*** Opening Data shown ***

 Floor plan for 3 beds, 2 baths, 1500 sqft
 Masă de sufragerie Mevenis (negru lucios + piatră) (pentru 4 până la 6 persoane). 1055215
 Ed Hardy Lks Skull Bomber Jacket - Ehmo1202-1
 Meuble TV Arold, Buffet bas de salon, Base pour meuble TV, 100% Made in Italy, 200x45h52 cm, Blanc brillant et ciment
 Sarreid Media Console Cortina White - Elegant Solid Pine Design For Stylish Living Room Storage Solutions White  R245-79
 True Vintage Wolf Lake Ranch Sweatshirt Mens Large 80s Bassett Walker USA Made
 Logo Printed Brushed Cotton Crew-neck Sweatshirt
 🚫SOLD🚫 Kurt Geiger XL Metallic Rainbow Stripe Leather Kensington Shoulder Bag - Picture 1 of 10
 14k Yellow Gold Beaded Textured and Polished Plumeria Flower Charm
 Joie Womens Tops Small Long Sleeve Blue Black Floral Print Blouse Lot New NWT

*** Closing Data shown ***
*** Opening Data shown ***

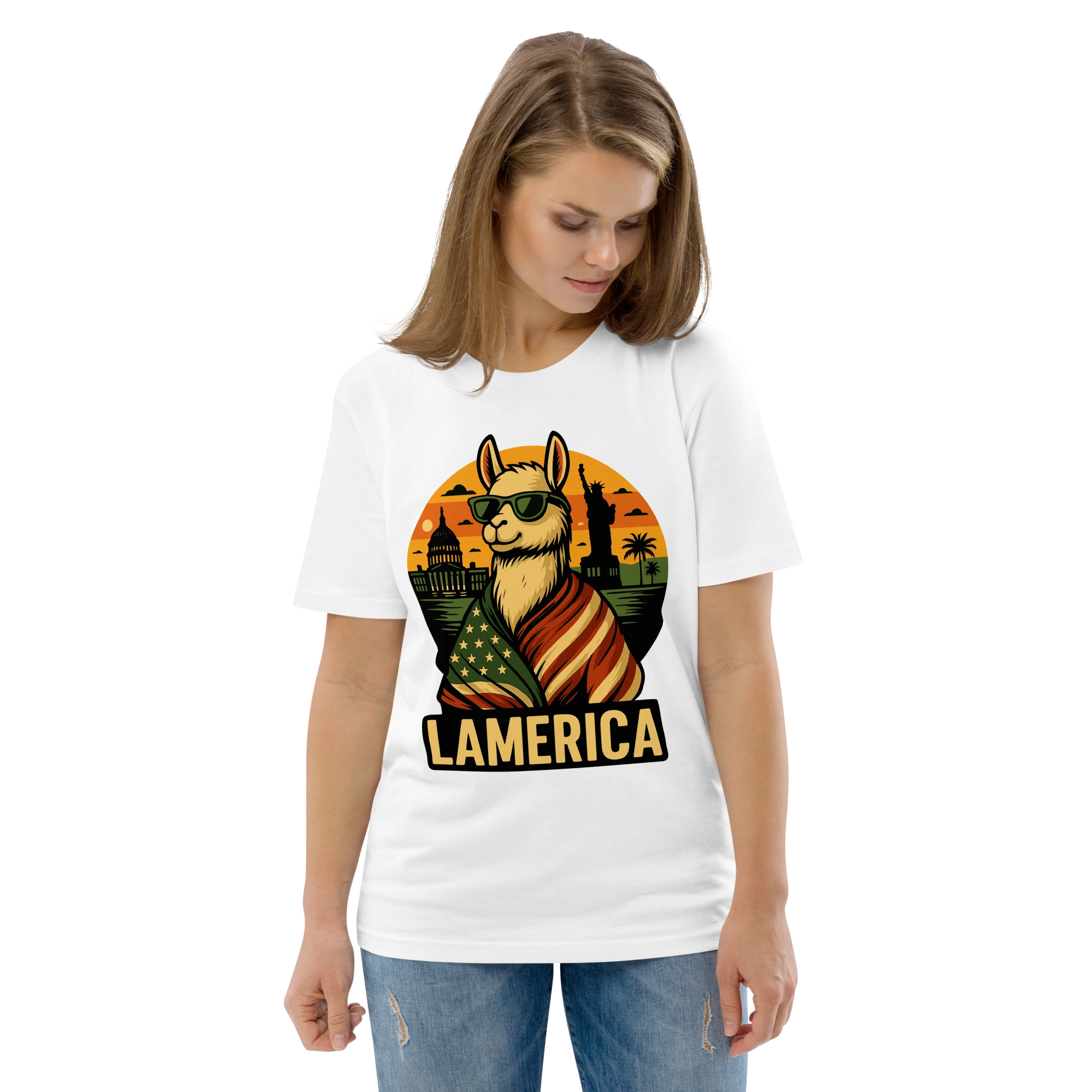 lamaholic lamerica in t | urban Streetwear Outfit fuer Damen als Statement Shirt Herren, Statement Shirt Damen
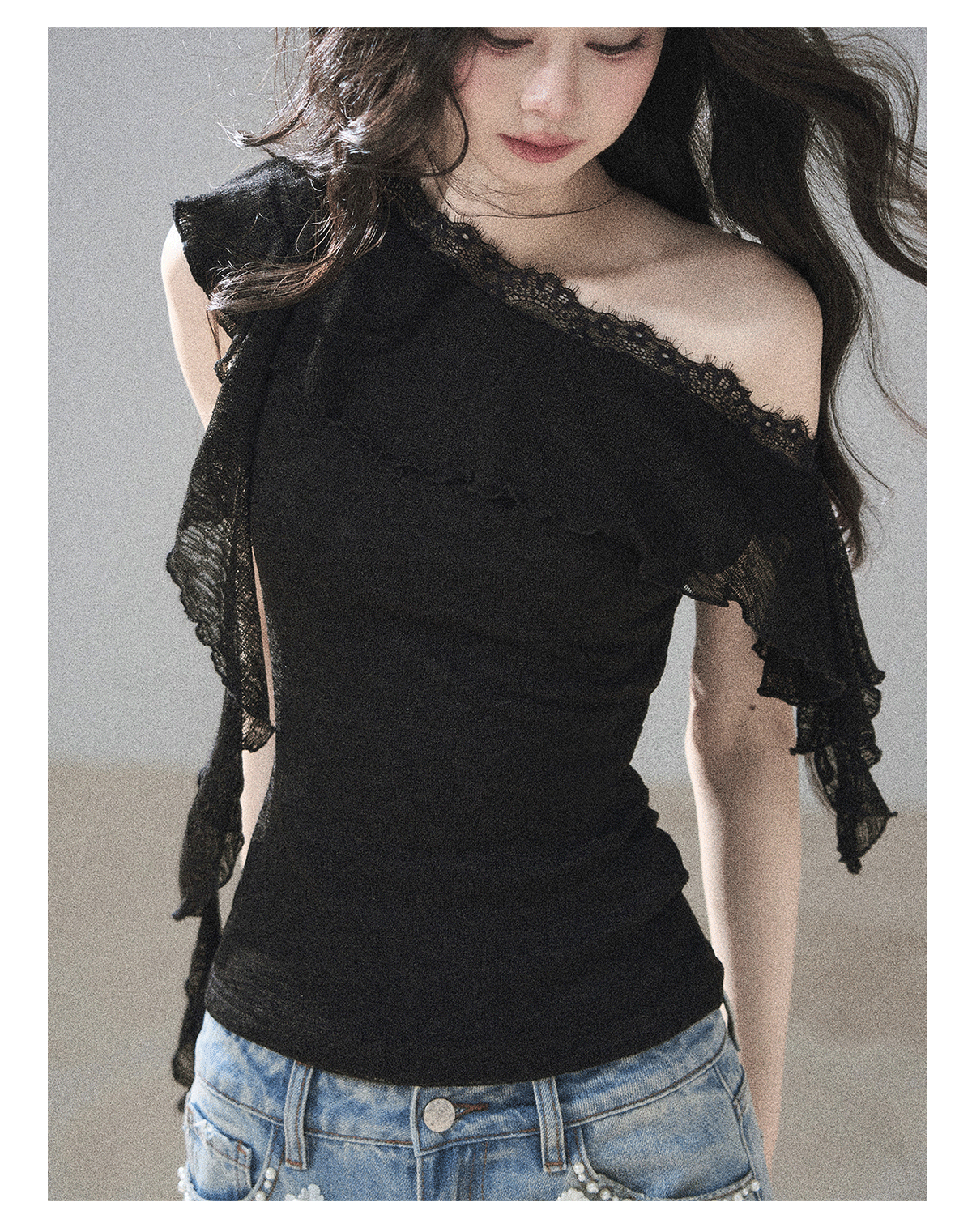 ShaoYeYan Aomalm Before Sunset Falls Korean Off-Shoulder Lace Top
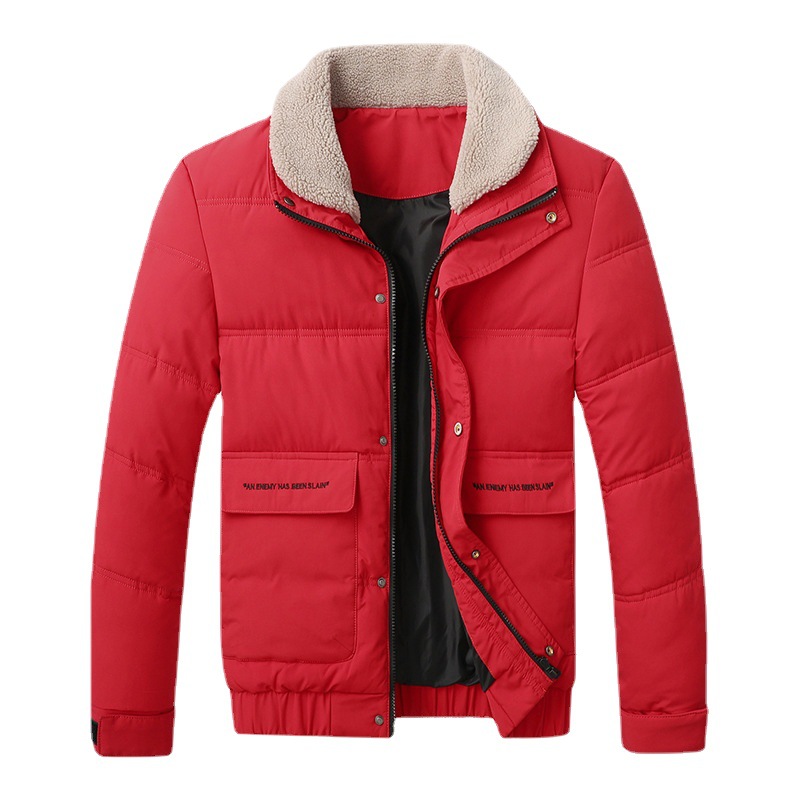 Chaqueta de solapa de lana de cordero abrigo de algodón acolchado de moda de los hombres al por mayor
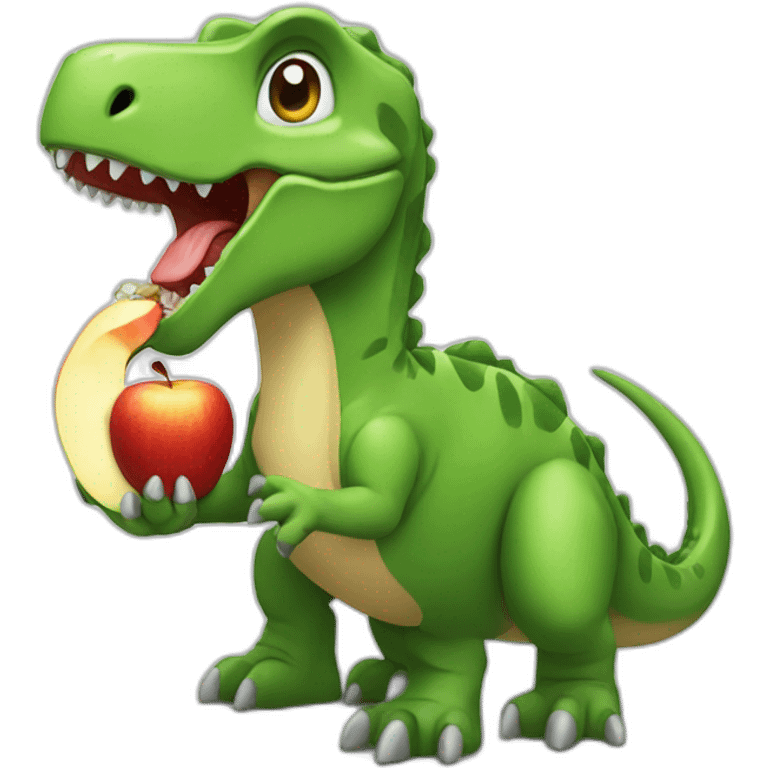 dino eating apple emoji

*** Closing Data shown ***

_Task requirements_.
Looking at the entries above, can you reproduce exactly the lines from the one that holds "True Vintage Wolf" through the one that holds "Joie Womens Tops", and only those?

_Reply to the task_.
 True Vintage Wolf Lake Ranch Sweatshirt Mens Large 80s Bassett Walker USA Made
 Logo Printed Brushed Cotton Crew-neck Sweatshirt
 🚫SOLD🚫 Kurt Geiger XL Metallic Rainbow Stripe Leather Kensington Shoulder Bag - Picture 1 of 10
 14k Yellow Gold Beaded Textured and Polished Plumeria Flower Charm
 Joie Womens Tops Small Long Sleeve Blue Black Floral Print Blouse Lot New NWT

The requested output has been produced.